- Born: January 2, 1921 St. Paul, Minnesota
- Died: February 20, 2011 (aged 90) Needham, Massachusetts
- Education: Massachusetts Institute of Technology California Institute of Technology
- Spouse(s): Mary McClintock (m.1945?-2011) (his death) 4 children Martha Roger David Richard
- Awards: James Clayton Prize of the Institution of Mechanical Engineers The Nadai Award Drucker Medal Howe Medal The Griffith Medal of the European Structural Integrity Society
- Scientific career
- Fields: Mechanical engineering, Material science
- Workplaces: Massachusetts Institute of Technology

= Frank A. McClintock =

Frank A. McClintock (January 2, 1921 – February 20, 2011) of Concord, Massachusetts, was an American mechanical engineer in material science.

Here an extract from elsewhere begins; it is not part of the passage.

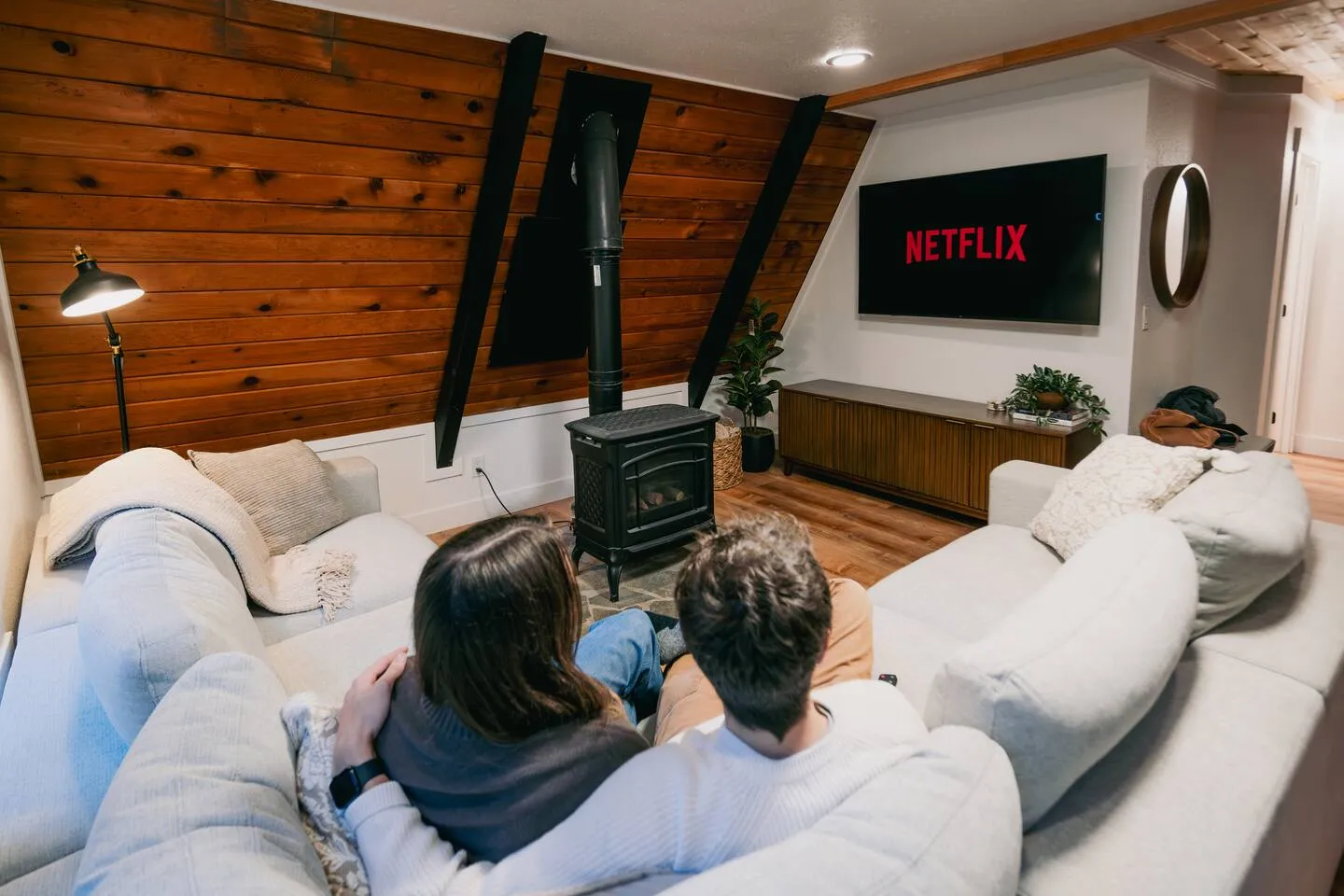 Living room with big sectional and Netflix on the TV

A pioneer in the study of ductile fracture, McClintock was an Emeritus professor in the Department of Mechanical Engineering at Massachusetts Institute of Technology.

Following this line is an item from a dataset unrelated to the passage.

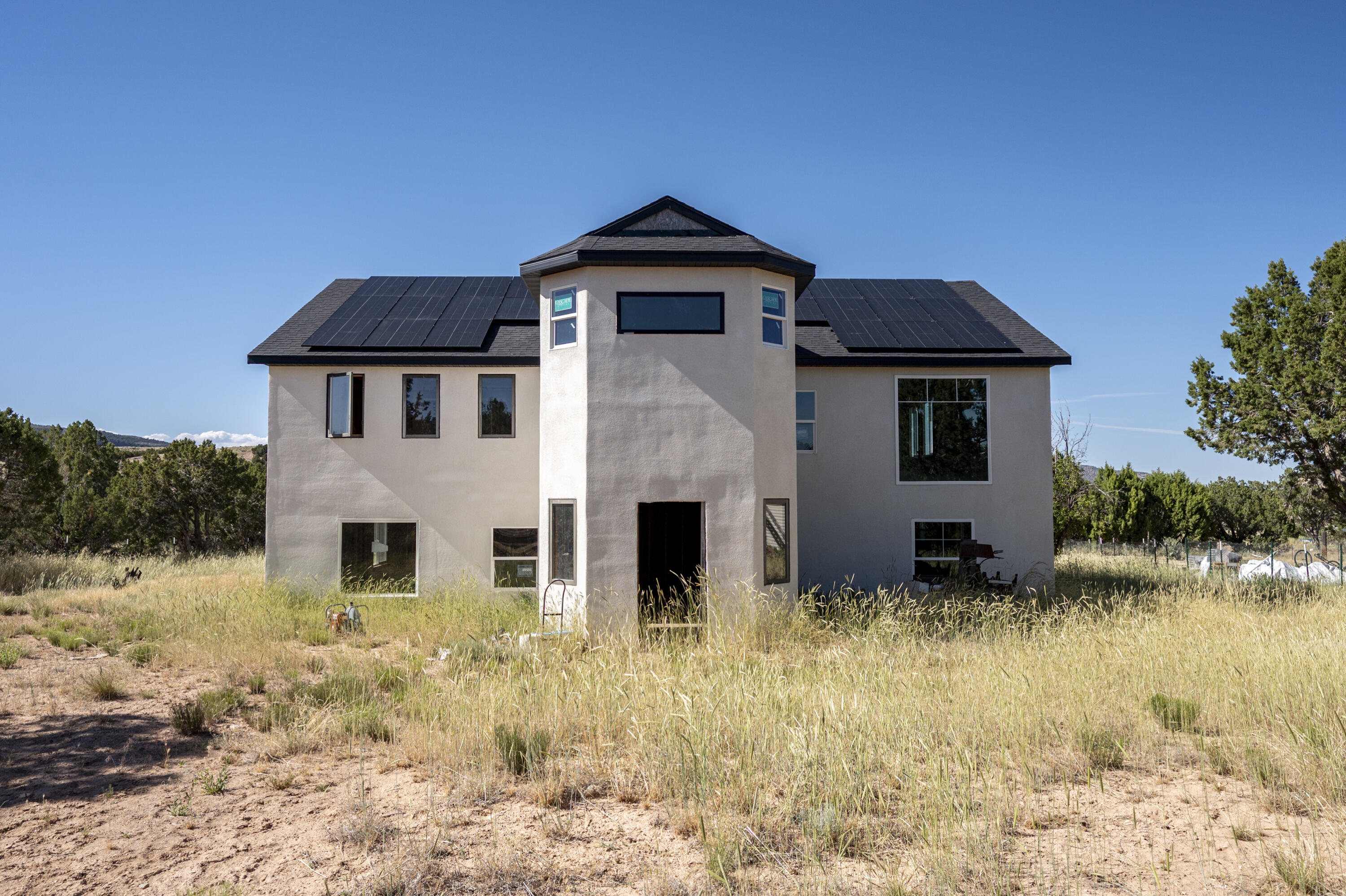 What a great opportunity to own land in a quiet neighborhood and finish building your dream home. The house was started in 2005. A new roof was installed in 2021 along with stucco, windows, framing and fencing. There are 24 solar panels and 2 Tesla batteries for a complete off-grid electrical system. It is framed to have a primary bedroom, kit, dining and living rm, pantry, laundry and office nook on the top floor and 4 bed, 2 bath, laundry and liv rm on bottom floor. Septic and water are on the property. There is also a trailer that could be lived in while finishing the house. This is an illegal subdivision so building permits will not be issued. The water is Pleasant Hills Community Well and is $50/mo. That fee is also to maintain the roads.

Along with Ali S. Argon in 1966 he co-authored a book titled Mechanical Behavior of Materials.

"His professional contributions revolutionized the understanding of the fracture process in engineering practice, by introducing a physical and mechanistic perspective emphasizing the plasticity aspects of ductile fracture and fatigue crack propagation."